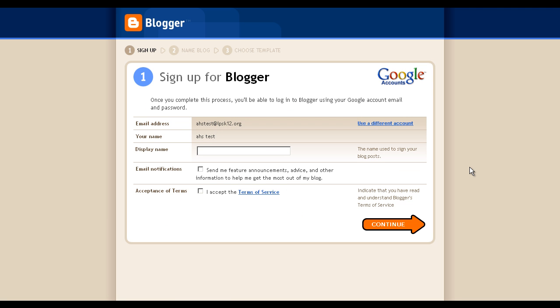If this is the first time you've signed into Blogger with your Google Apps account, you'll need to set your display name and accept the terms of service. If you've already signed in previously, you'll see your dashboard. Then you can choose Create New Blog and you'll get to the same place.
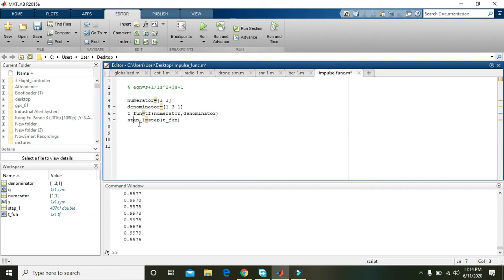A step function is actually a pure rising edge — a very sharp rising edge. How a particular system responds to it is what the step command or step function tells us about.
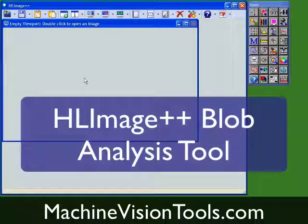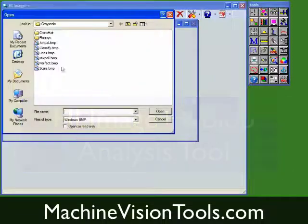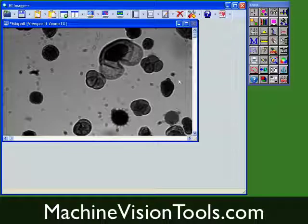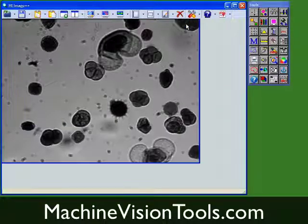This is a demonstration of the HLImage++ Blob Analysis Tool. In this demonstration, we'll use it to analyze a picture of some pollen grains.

___

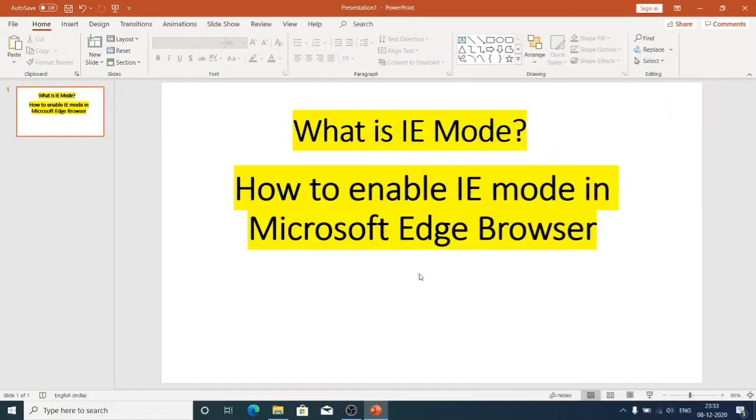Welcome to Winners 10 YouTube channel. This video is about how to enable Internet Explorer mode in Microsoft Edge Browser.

___

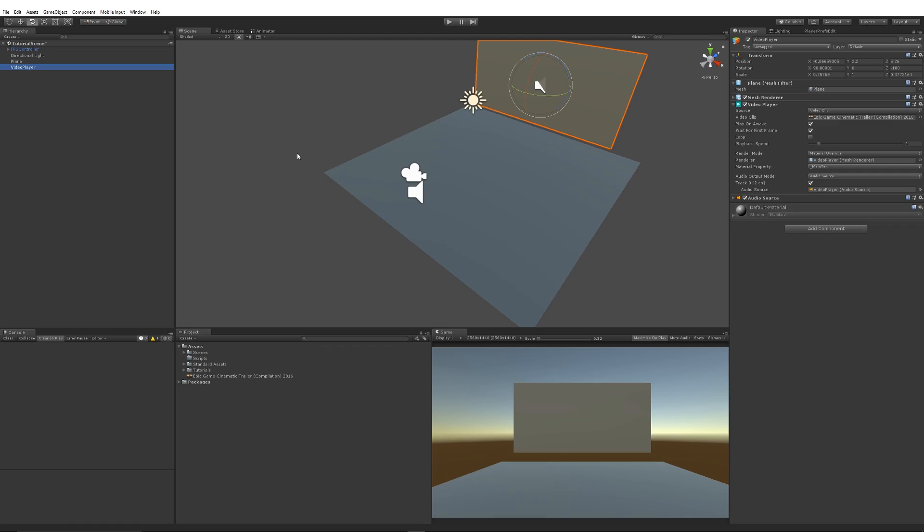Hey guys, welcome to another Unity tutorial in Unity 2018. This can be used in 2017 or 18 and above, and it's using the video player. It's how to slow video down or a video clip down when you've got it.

___

**WHAT TO DO**
What you return from the records above should be exactly everything from the line with "If this is the" down to the line with "This is a demonstration", both kept, and no pictures.

**SOLUTION TO THE PROBLEM**
If this is the first time you've signed into Blogger with your Google Apps account, you'll need to set your display name and accept the terms of service. If you've already signed in previously, you'll see your dashboard. Then you can choose Create New Blog and you'll get to the same place.
A step function is actually a pure rising edge — a very sharp rising edge. How a particular system responds to it is what the step command or step function tells us about.
This is a demonstration of the HLImage++ Blob Analysis Tool. In this demonstration, we'll use it to analyze a picture of some pollen grains.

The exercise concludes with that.